The LWA also developed a new approach to upgrading the rising main between the Alfred Street pump station and Loganholme WWTP. Previous plans recommended augmenting the existing four-kilometer rising main, which would have required construction of a US $30 to $40 million double lift pump station at the Loganholme WWTP. The LWA’s solution proposed an entirely new alignment for a seven-kilometer shallow rising main. This innovative design supported the two existing pump stations in meeting the Logan North catchment’s wastewater requirements, without the need for new infrastructure at the Loganholme WWTP.

These innovative examples of sweating the assets, in this case the wet-weather bypass pump station and the original Alfred Street pump station, enabled the LWA to reduce total capital costs by approximately US $83 million, a 63-percent cost saving solution for the Logan City Council.

Conclusion

The value for money initiatives generated by the LWA demonstrate the strategic outcomes that can be achieved for clients, as noted by Logan City Council Water Business Manager, Daryl Ross.

“On several occasions, the solutions [recommended by LWA] have been radically different to those that were being recommended before the Alliance was formed,” said Mr. Ross. “However, in every case, the Alliance’s solutions have offered greater value for money in terms of capital cost, operating costs, environmental impact, and social impact. These examples have demonstrated the value added through the planning-led approach where upstream and downstream perspectives can be considered in the development of the infrastructure options at a master planning level.”

In 2012, the Alliance completed an initial three-year contract.
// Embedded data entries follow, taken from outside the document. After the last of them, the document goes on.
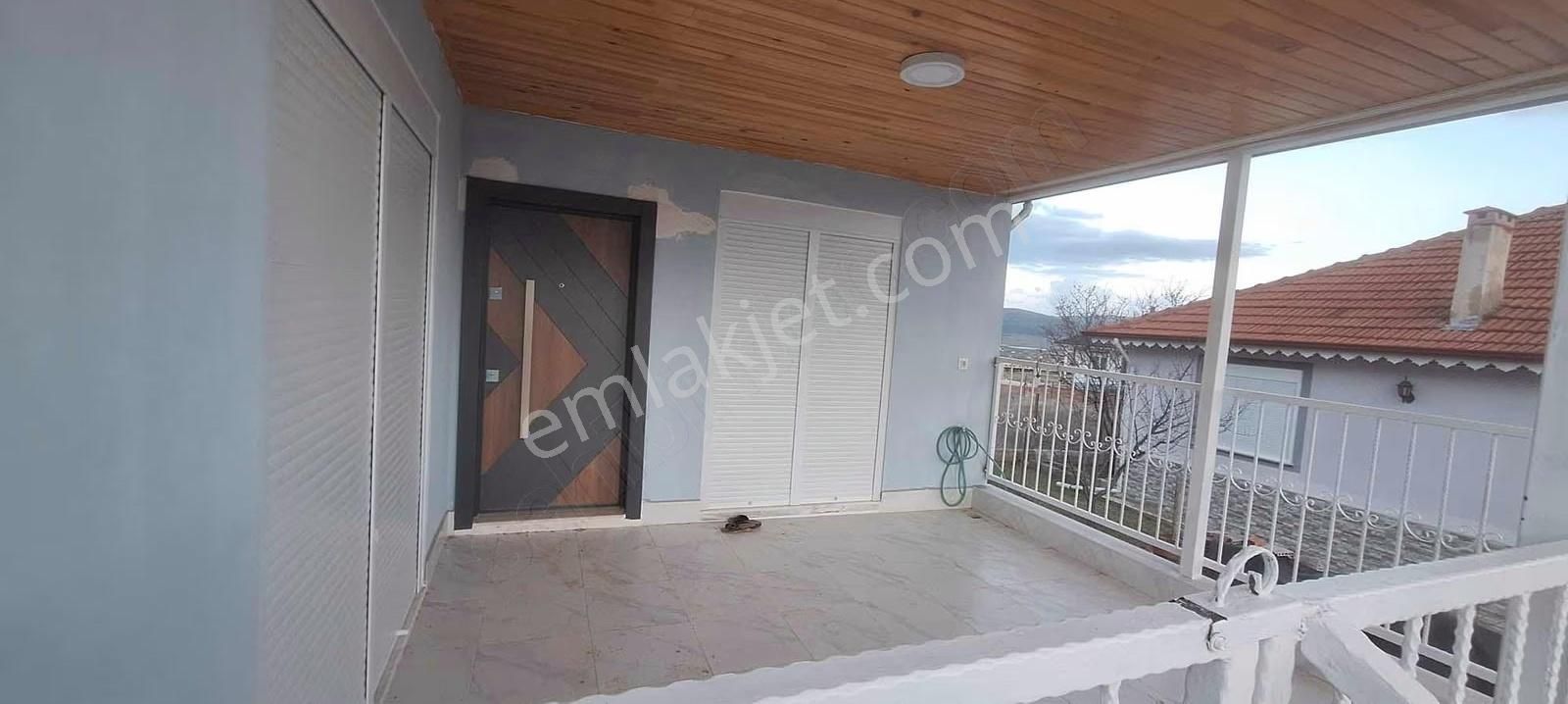 Sıfır Yeni Yapı 2+1 Satılık Müstakil Bahçeli - Görsel 11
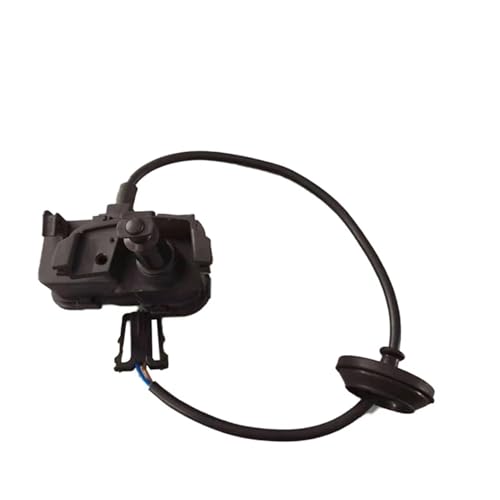 Moteur trappe carburant 6RD810773B automatique et résistant pour Polo
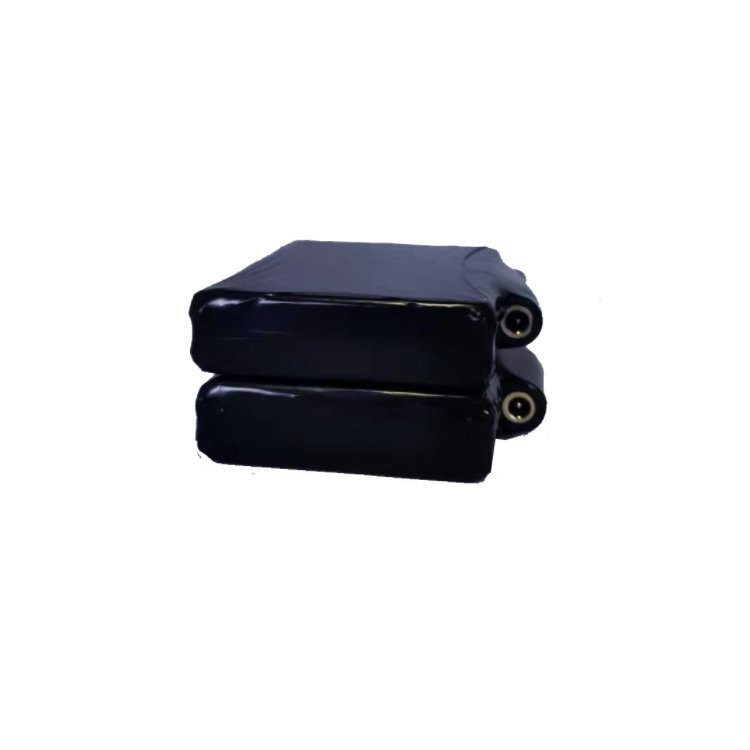 3.7 volt 3.7V 4000mah rechargeable Li-polymer li ion battery pack for heated jackets gloves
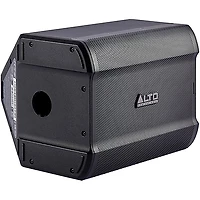 Alto Busker Portable Battery-Powered Speaker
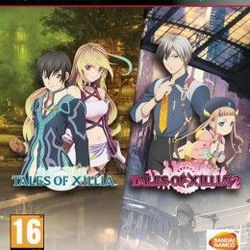 Image of Tales of Zestiria Collectors Edition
Based on the successful delivery of the capital works program, in early 2012 it received a one-year extension, and in early 2013 its contract was further extended to mid-August 2014.

The LWA’s success has been recognised by multiple awards, including:

  • Parsons Brinckerhoff’s 2012 Project of the Year Award - Category B ($5 million to $20 million),
  • 2012 Institute of Public Works Engineering Australia Excellence Award Water Projects ($1 million- $5 million);
  • 2012 Engineers Australia Queensland Division Excellence Award for Reports, Procedures and Systems; and
  • 2011 Australian Water Association Queensland Infrastructure Project Innovation Award.